When you reach the line with "mishalmedico's tweet photo." in the records below, begin transcribing exactly and continue up to and including the line with "3D Ultrasound in", leaving out every picture.

EXTRACTED INFORMATION:
------------------------------------------------------------

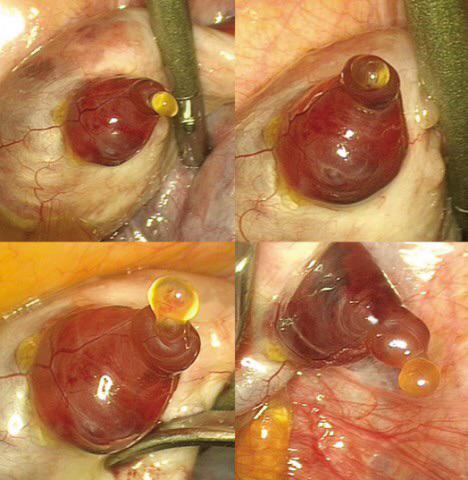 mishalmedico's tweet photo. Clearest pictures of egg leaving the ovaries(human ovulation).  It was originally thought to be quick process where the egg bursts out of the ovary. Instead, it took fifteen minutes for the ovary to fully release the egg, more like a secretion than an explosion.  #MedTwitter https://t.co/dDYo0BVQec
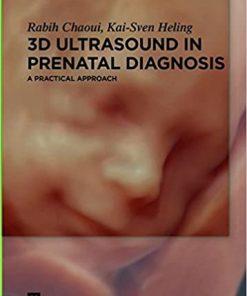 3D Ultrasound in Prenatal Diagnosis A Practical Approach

------------------------------------------------------------

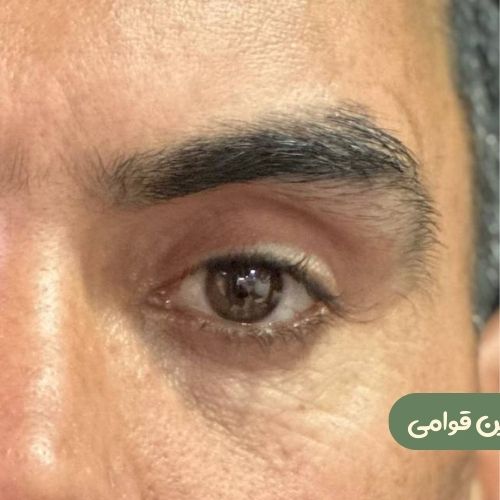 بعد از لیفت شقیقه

------------------------------------------------------------

SOLUTION FOR THIS PROBLEM:
 mishalmedico's tweet photo. Clearest pictures of egg leaving the ovaries(human ovulation).  It was originally thought to be quick process where the egg bursts out of the ovary. Instead, it took fifteen minutes for the ovary to fully release the egg, more like a secretion than an explosion.  #MedTwitter https://t.co/dDYo0BVQec
 3D Ultrasound in Prenatal Diagnosis A Practical Approach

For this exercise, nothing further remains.